Euro Disney S.A.S., Disney Store France and Disney+ are not part of The Walt Disney Company France.

==Closed divisions==
- Film distribution
- Walt Disney Productions France, S.A. a motion picture distributor formed in 1963 as Walt Disney Mickey Mouse, S.A. located in Champs-Élysées in Paris that handled the distribution of Disney films in France from July 1963 to December 1987. It was closed in December 1987.

- Cinema and animation
- Walt Disney Animation France (former Brizzi Films), an animation studio launched in 1986 and closed in 2003.
- SIP Animation (Folded into BVS Entertainment)

- Press
- Disney Hachette Presse, a magazine publisher co-own with Hachette Filipacchi Médias, closed in 2019. All publications are now published by Unique Heritage Media as part of a licensing agreement with The Walt Disney Company France.

- Television
- Toon Disney and Toon Disney +1, a channel launched in 2002 and closed in 2007, replaced by Disney Cinemagic.
- ESPN Classic Sport, a sport channel launched in 2002 and closed in 2013.
- Jetix, a channel launched in 2004 replacing Fox Kids and closed in 2009, replaced by Disney XD.
- Disney XD, a channel launched in 2009 and closed in 2020.
- Disney Cinemagic and Disney Cinemagic +1, a cinema channel launched in 2007 and closed in 2015, replaced by Disney Cinema.
- Disney Cinema, a cinema channel launched in 2015 as a replacement for Disney Cinemagic and closed in 2020, due to the launch of Disney+.
- Voyage, documentary channel acquired in 2019 as part of the acquisition of Fox Networks Group and closed on 1 January 2021.

- Video on demand service
- Disney Channel Avant-Première, premium on-demand service of Disney Channel active from 2011 to Summer 2015, replaced by Disney Channel Pop Pick Play which was initially an Orange exclusive.

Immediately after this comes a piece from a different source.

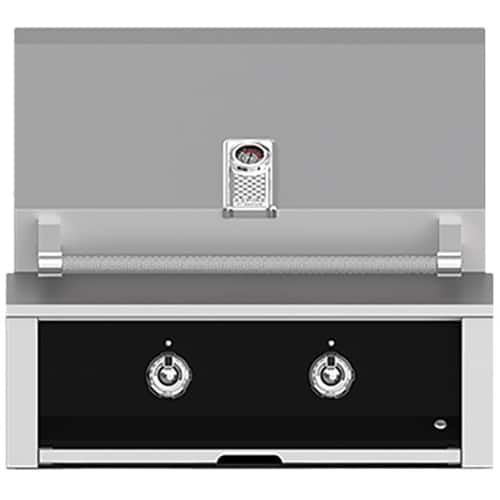 Aspire by Hestan - By Hestan 30" Built-In Gas Grill - Stealth - Angle_Zoom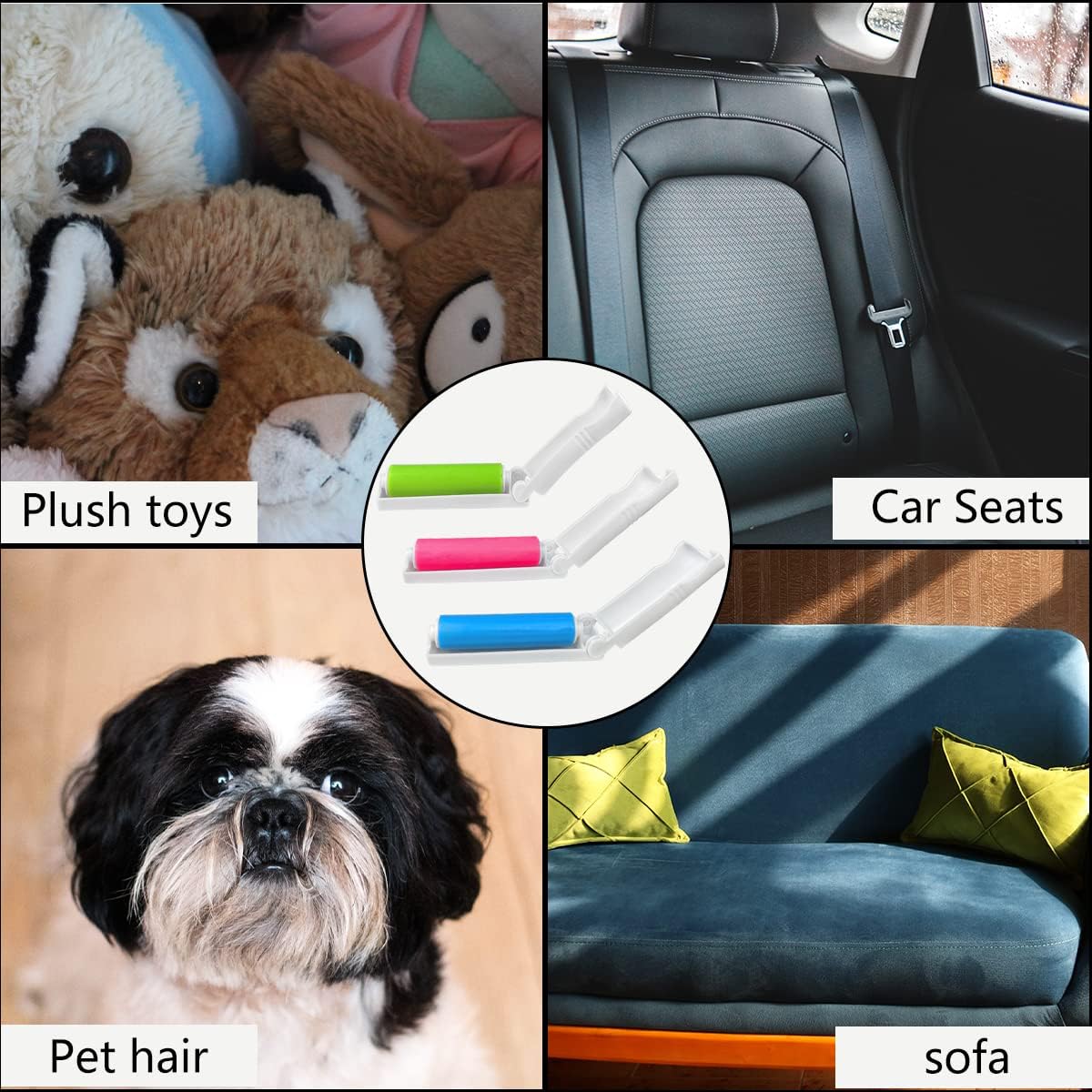 Reusable Lint Rollers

These three on demand services were closed on 1 April 2020 with the arrival of Disney+.
- Disney Channel Pop Pick Play (2015–2018), Disney Channel Pop Pick (2017–2020), a service dedicated to Disney Channel productions, include in some TV packages.
- Disney English, an educational service include in some Canal+ packages.
- Holà Disney, an educational service include in some Canal+ packages.
- Fox Play, acquired from Fox Networks Group in 2019 and shut down on 31 December 2020, ahead of the launch of Star on Disney+ which was included in the same Canal+ offers.
- ABCtek, a buy and rent service dedicated to ABC Studios productions via Free from 2011 to 2022.
- Disneynature TV, a service dedicated to Disneynature productions.
- Disney Movies on Demand, a service dedicated to Disney movies, available via Zive/SFR Play for example.